Specific examples include:

  • Almost ninety per cent of our energy is generated from fossil fuels giving rise to greenhouse gases;
  • air quality in some urban areas doesn’t meet WHO standards;
  • nature and habitats are being damaged (85% of EU listed habitats are in unfavourable condition);
  • wetland bird species, such as curlew, are under threat as a breeding species;
  • raw sewage is being discharged to water from 35 towns and villages;
  • even more stark is the dramatic reduction in the number of Ireland’s most pristine rivers, which have fallen from over 500 sites to only 20 sites in 30 years;
  • nutrient concentrations in rivers and nutrient inputs to the marine environment are increasing;
  • more than one million tonnes of food waste is generated each year in Ireland,
  • littering remains a problem, resulting in thousands of complaints annually to local authorities.

A key message from Ireland’s Environment: An Integrated Assessment 2020 is that the absence of an overarching national environmental policy position is negatively impacting on success across multiple environment-related plans and policies: the sum of the parts does not make up a coherent whole.

EPA Director, General Laura Burke said,

“Environmental issues and challenges such as climate change, air quality, water quality and biodiversity cannot be looked at in isolation, as they are complex, interconnected and need to be tackled in an integrated way. Now is the time for an overarching environmental policy position for Ireland - to be clear on our ambition to protect Ireland’s environment in the short, medium and long-term and on our commitment to live up to the image of a Clean Green Island. We need to see a decade of action in the 2020s. A policy position would provide a national vision that all government departments, agencies, businesses, communities and individuals can sign up to, to play their part in protecting our environment.

“In addition to such a policy position, our report also calls for better implementation and delivery of existing legislation and policies. Many plans and programmes are already in place which, if fully implemented, would go a long way towards resolving persistent environmental issues. Full implementation of, and compliance with, legislation is a must to protect the environment.”

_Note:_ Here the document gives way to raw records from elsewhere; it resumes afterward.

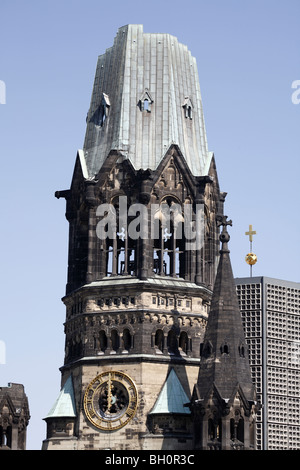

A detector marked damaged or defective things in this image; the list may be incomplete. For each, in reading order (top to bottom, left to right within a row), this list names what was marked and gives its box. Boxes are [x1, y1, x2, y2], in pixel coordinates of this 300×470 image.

damaged stone tower [42, 23, 255, 450]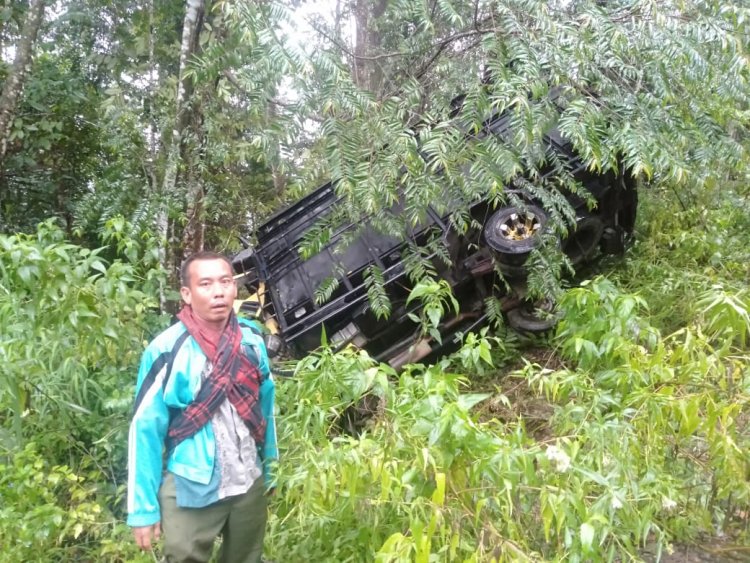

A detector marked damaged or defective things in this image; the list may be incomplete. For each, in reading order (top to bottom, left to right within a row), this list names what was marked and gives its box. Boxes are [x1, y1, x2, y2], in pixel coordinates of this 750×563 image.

overturned truck [232, 109, 636, 368]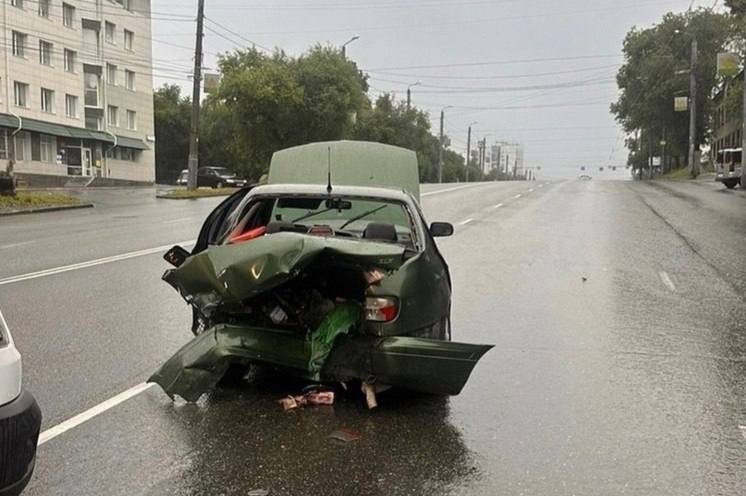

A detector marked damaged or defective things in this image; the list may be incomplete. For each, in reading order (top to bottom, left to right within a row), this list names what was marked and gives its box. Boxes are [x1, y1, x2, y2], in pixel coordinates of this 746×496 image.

damaged green car [148, 140, 492, 404]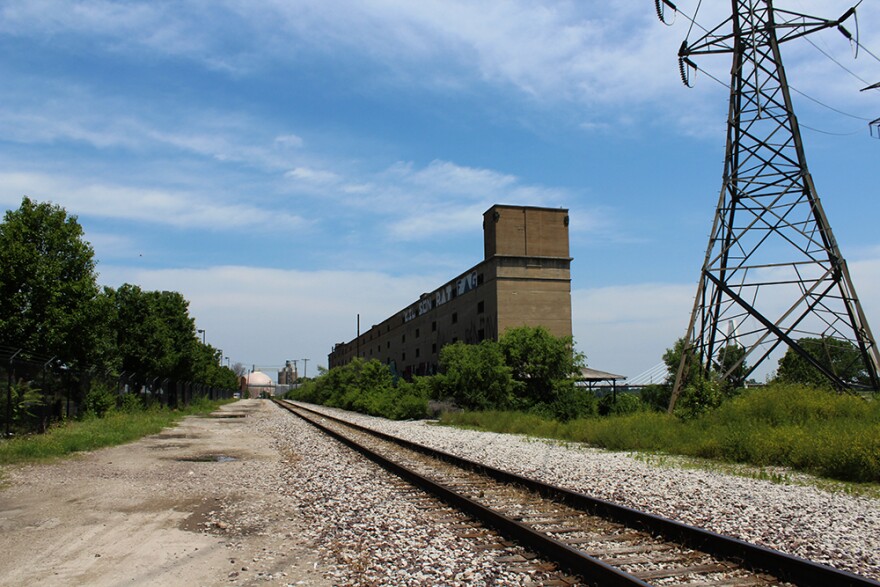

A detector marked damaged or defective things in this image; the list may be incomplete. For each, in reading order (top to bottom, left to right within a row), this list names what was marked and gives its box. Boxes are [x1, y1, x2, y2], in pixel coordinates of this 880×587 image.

rusted steel rail [276, 400, 880, 587]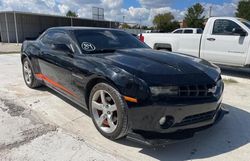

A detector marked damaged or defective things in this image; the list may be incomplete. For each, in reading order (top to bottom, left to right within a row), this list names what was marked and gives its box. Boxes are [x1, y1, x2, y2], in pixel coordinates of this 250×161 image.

damaged vehicle [21, 27, 228, 144]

In relation to greenhouse gas emissions, the report’s data confirms Ireland’s underachievement in curbing emissions and meeting stated targets. It shows that the longer we delay, the more difficult it will become to turn things around to meet our obligations. It is more than meeting targets, the real goal for Ireland in the face of climate disruption is to have a resilient and stable society and economy, one that is carbon neutral through its own efforts and natural attributes.

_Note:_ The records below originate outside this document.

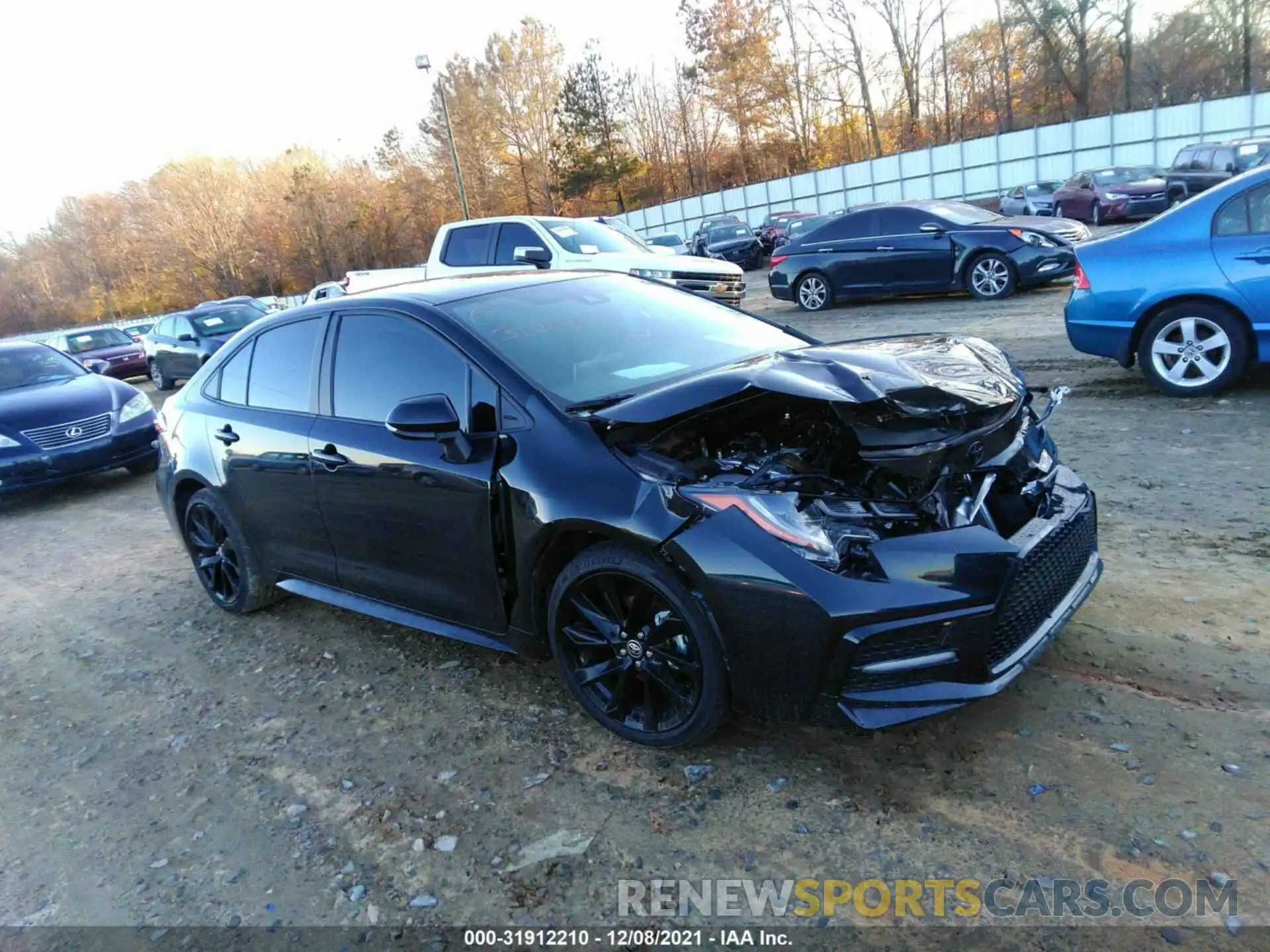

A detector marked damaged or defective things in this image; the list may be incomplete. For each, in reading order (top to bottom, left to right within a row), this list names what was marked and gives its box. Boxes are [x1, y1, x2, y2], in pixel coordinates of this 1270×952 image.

cracked headlight housing [118, 391, 153, 426]
crumpled front hood [593, 335, 1021, 423]
damaged front bumper [664, 465, 1101, 725]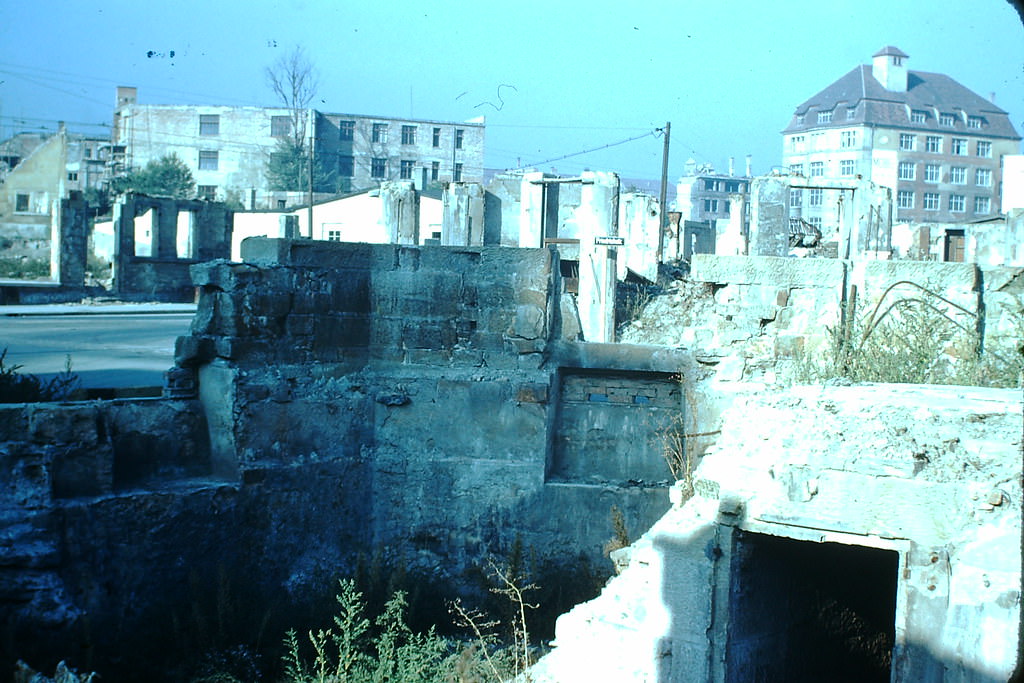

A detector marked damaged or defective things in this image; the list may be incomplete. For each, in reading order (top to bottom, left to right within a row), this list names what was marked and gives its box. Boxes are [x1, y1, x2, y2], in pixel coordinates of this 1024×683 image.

damaged stone wall [4, 238, 688, 676]
damaged stone wall [532, 384, 1020, 683]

The report has also found that nature and wild places in Ireland are under unprecedented pressure and need to be better safeguarded, both locally and in protected areas. Our action to protect nature needs to be more ambitious. We need to identify the pathway to transformative change for nature protection in Ireland and reverse wider current trends in biodiversity and habitat loss.

Very topically, the EPA report highlights people’s greater awareness about the positive benefits of a clean environment for health and wellbeing. The coronavirus (COVID-19) crisis has shown people the importance of the natural environment in their local areas.

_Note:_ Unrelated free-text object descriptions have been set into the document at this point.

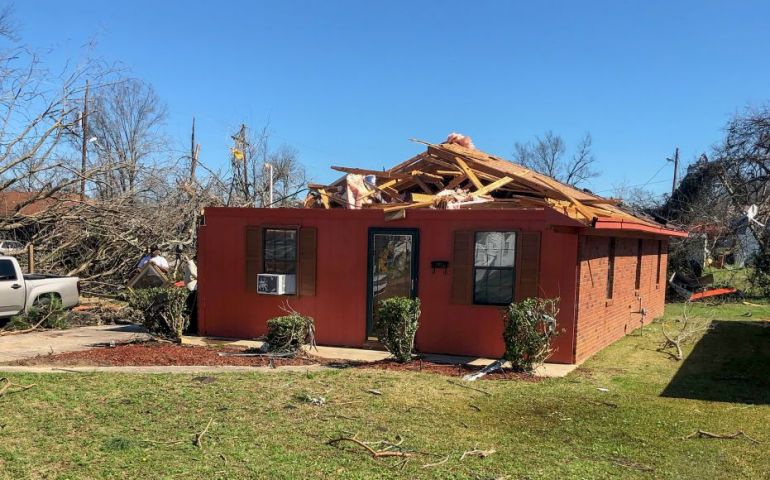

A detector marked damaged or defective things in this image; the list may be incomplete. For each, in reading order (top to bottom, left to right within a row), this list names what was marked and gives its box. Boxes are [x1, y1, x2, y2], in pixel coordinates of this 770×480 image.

splintered wood [298, 136, 632, 224]
damaged roof [304, 137, 688, 238]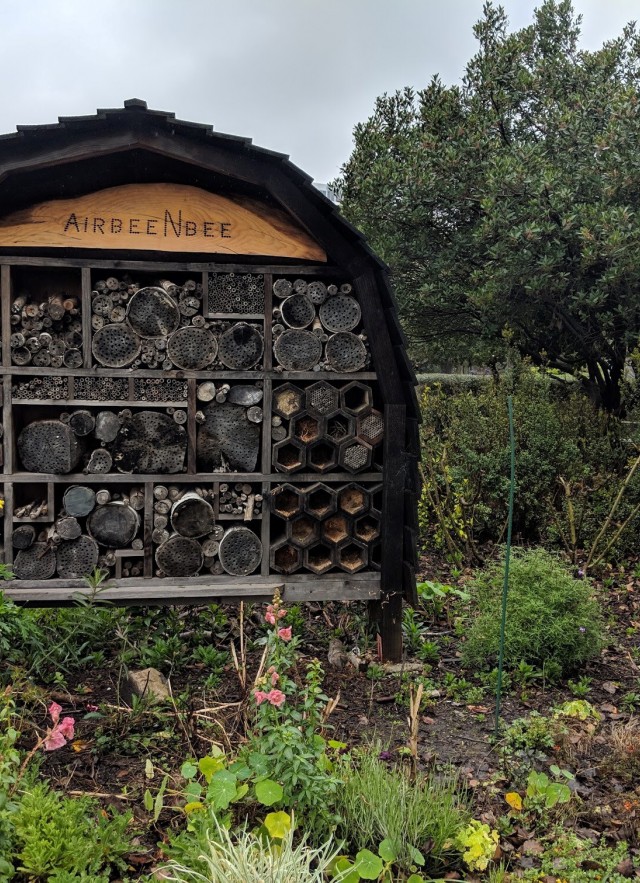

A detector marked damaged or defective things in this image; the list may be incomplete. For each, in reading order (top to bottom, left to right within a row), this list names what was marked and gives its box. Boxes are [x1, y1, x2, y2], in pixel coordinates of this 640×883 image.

burned wood sign [0, 100, 420, 660]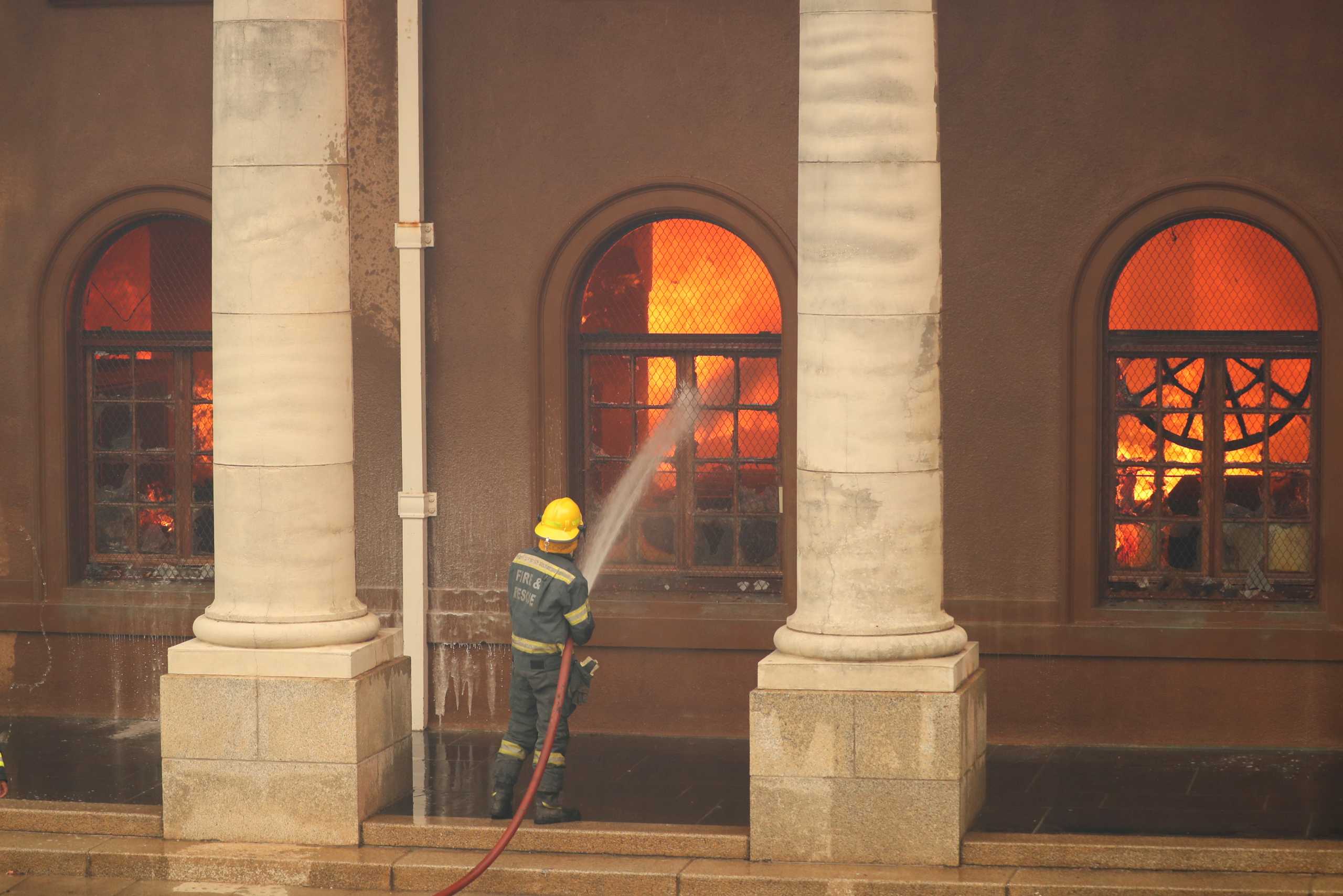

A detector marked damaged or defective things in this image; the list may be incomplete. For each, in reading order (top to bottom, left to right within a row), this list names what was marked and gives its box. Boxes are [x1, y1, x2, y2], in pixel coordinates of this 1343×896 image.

charred window frame [70, 215, 210, 583]
charred window frame [569, 214, 784, 599]
charred window frame [1101, 216, 1321, 607]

Dr Micheal Lehane, Director of the EPA’s Office of Environmental Assessment, said:

“Ireland is already losing much of what is important in its environment. Unspoilt areas are being squeezed out and we are losing our pristine waters and the habitats that provide vital spaces for biodiversity.  Now, more than ever, Ireland’s green and blue spaces, which include urban parks, coasts, lakes, rivers, forest and bogs, are essential components of our health infrastructure. These allow people to get out in nature and away from everyday stresses, to the benefit of health and wellbeing and they need to be clean and protected. An investment in the environment is also an investment in our health.”

This comprehensive State of the Environment Report includes chapters on industry, transport, agriculture, air and water quality, nature and health and is available to download from the EPA website.